Do you enjoy solving complex reliability challenges for cutting-edge technology?
Do you have a passion for automation and building systems that scale?
Join the Akamai Inference Cloud Team
The Akamai Inference Cloud team is part of Akamai's Cloud Technology Group. We design, implement, deploy and operate AI platforms that enable customers to run inference models and developers to create AI applications with unmatched performance, compliance, and economics.
Partner with the best
As a Senior SRE, responsibilities include owning reliability workstreams for Akamai's serverless inference platform, building automation and tooling, and contributing to architecture and operational decisions. Opportunities exist to take ownership of critical reliability problems end-to-end, partner with product engineering teams, and develop expertise in GPU infrastructure, Kubernetes at scale, and AI inference workloads.
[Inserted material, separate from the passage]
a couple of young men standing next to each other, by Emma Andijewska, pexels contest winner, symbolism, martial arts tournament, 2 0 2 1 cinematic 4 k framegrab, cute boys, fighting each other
As a Site Reliability Engineer, you will be responsible for:
- Building and maintaining observability for AI workloads, including telemetry, dashboards, alerts, SLO/SLI tracking, and driving improvements when targets are missed
- Writing automation and tooling to reduce operational toil, improve deployment safety, and accelerate incident response
- Integrating AI workloads into Akamai's existing incident management processes, building runbooks, participating in on-call rotations, and conducting blameless post-mortems
- Building and maintaining CI/CD integrations, deployment safety checks, and rollback automation
- Collaborating with product engineering teams to improve reliability, contribute to architecture decisions, and ensure operational readiness for product releases
- Contributing to capacity planning, autoscaling configuration, and workload scheduling for AI compute infrastructure
Do what you love
To be successful in this role you will:
- Demonstrate expertise in SRE, infrastructure, or platform engineering, managing large-scale distributed systems with extensive operational experience.
- Demonstrate expertise in Kubernetes and large-scale containerization systems.
- Define SLOs and work with observability tools like Prometheus, Grafana, and distributed tracing to enhance system monitoring.
- Demonstrate proficiency in Python or Go for automation, CI/CD pipelines, deployment safety, and infrastructure-as-code like Terraform.
- Interest in or experience with AI/ML infrastructure, model serving, or GPU workloads
- Resolve issues independently while maintaining accountability throughout the process.
- Demonstrate accountability for reliability, develop automation and monitoring, and collaborate effectively with an engineering team unfamiliar with SRE practices.
Work in a way that works for you
FlexBase, Akamai's Global Flexible Working Program, is based on the principles that are helping us create the best workplace in the world. When our colleagues said that flexible working was important to them, we listened. We also know flexible working is important to many of the incredible people considering joining Akamai. FlexBase, gives 95% of employees the choice to work from their home, their office, or both (in the country advertised). This permanent workplace flexibility program is consistent and fair globally, to help us find incredible talent, virtually anywhere. We are happy to discuss working options for this role and encourage you to speak with your recruiter in more detail when you apply.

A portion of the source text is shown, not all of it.